Horn vs. Crawford: Facts to Know Heading Into WBO Welterweight World Title Fight
Undefeated records will be on the line when Jeff Horn and Terence Crawford clash for the WBO welterweight world title June 9 in Las Vegas at the MGM Grand Garden Arena.
Horn, the current champion, has a career record of 18-0-1. The Australia native claimed the title last July in his hometown of Brisbane after a unanimous decision over Manny Pacquiao.
Crawford, who hails from Omaha, Neb., is the challenger despite having a 32-0 record. With titles in the 135 and 140 pound divisions, Crawford will attempt to become a three-weight world champion when he fights Horn at 147 pounds.
Here is some more key information on the fight, courtesy of Opta:
Horn is set to make his first appearance in the United States.
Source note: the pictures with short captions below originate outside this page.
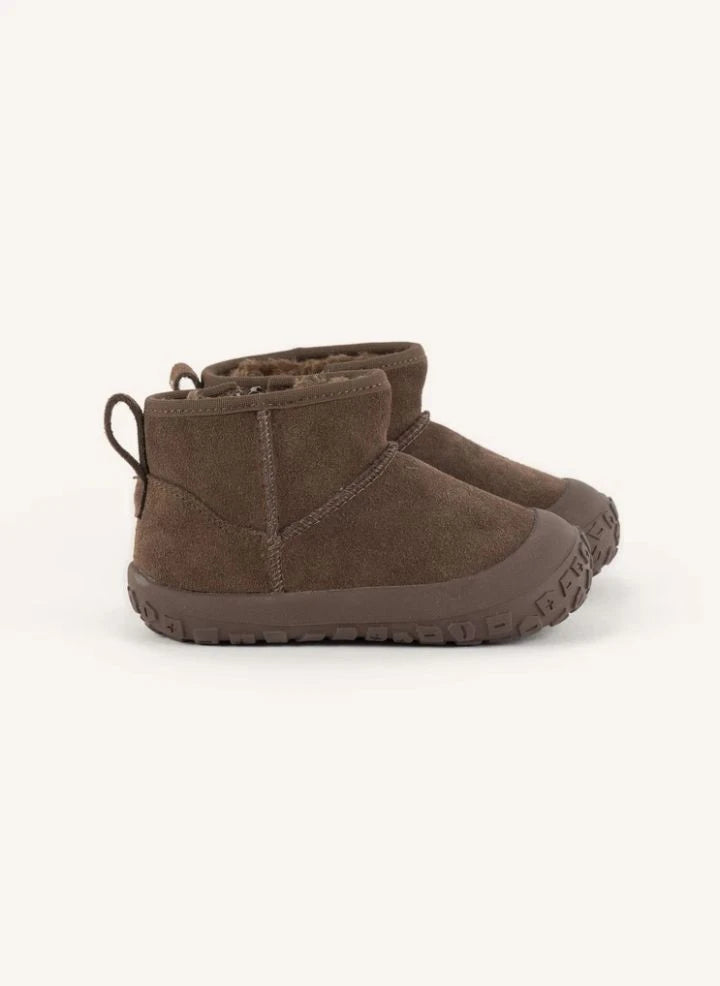 Victoria - Halo Boots | بني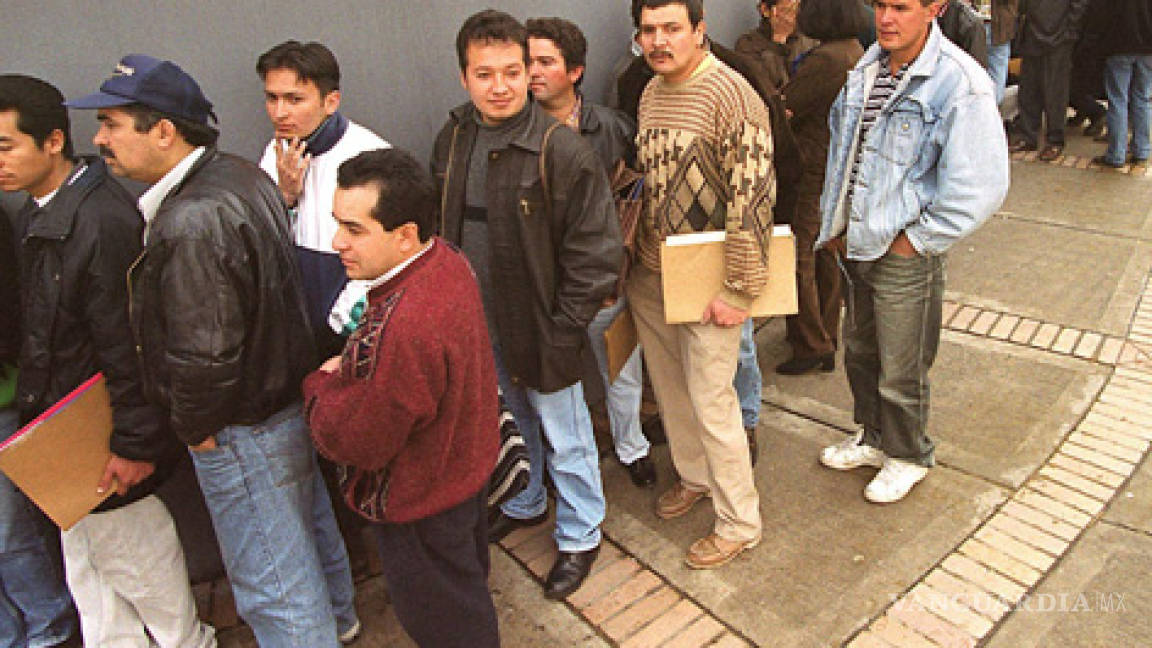 225 mil desempleados más en un mes en México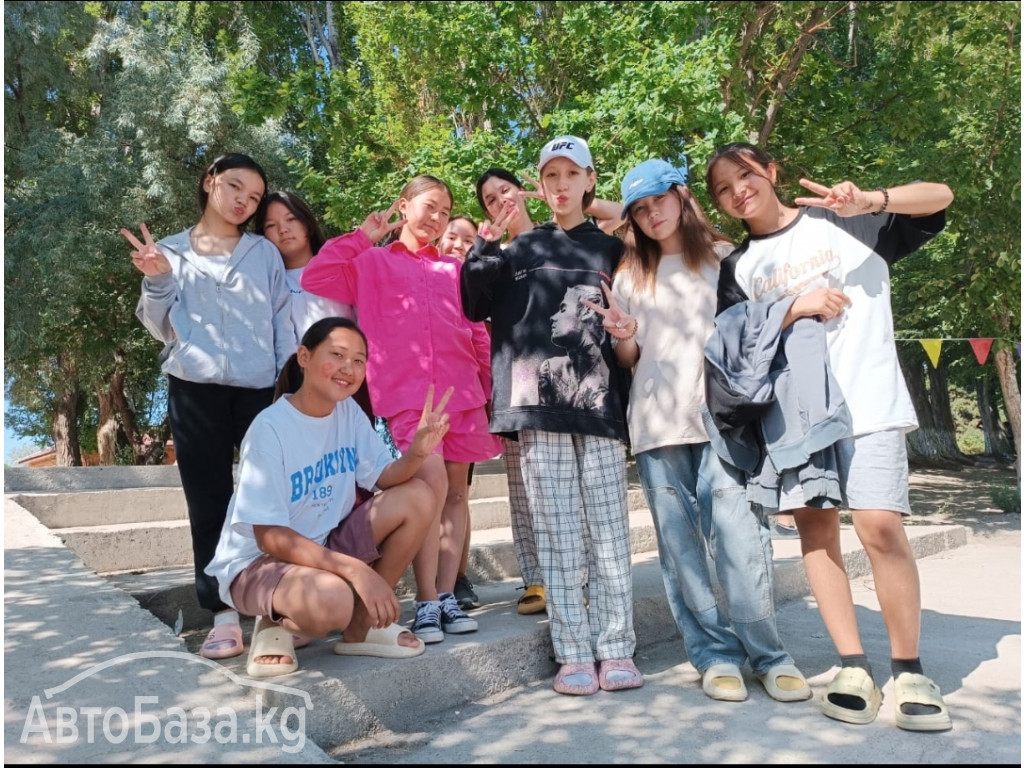 Детский лагерь на Иссык-Куле - "Маяк" Sport Study Camp"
All of his previous 19 bouts as a professional have taken place in either Australia or New Zealand.
Crawford got his hands on a world title for the first time back in 2014; he travelled to take on Ricky Burns in Glasgow, beating the Scotsman on the cards in the champion’s backyard.
Since recording a unanimous decision over Ricky Burns, Crawford has forced a stoppage in seven of his nine outings, the exceptions being Ray Beltrán and Viktor Postol. Each of those fights have been with a world title on the line.
Crawford is regarded as a consensus top three pound-for-pound fighter at the moment alongside Gennady Golovkin and Vasyl Lomachenko. His ability to switch hit seamlessly from orthodox to southpaw is one of his signature attributes.
This will be Horn’s third world title bout compared to Crawford’s 11th. Crawford has been away from the ring for 10 months, the longest absence of his career to date. Horn’s last fight was in December 2017, a TKO over Gary Corcoran.
This bout was postponed, originally set to take place in April 2018. But it was rescheduled because of an injury picked up by Crawford. Horn was involved in a car accident on May 24, but he remains able to fight after not suffering an injury.
Although both are the same age, Crawford turned professional five years before Horn and has racked up 168 rounds across 32 fights while Horn has only been involved in 19 bouts. But unlike Crawford, Horn represented his country at an Olympics Games (London 2012) prior to turning over into the paid ranks.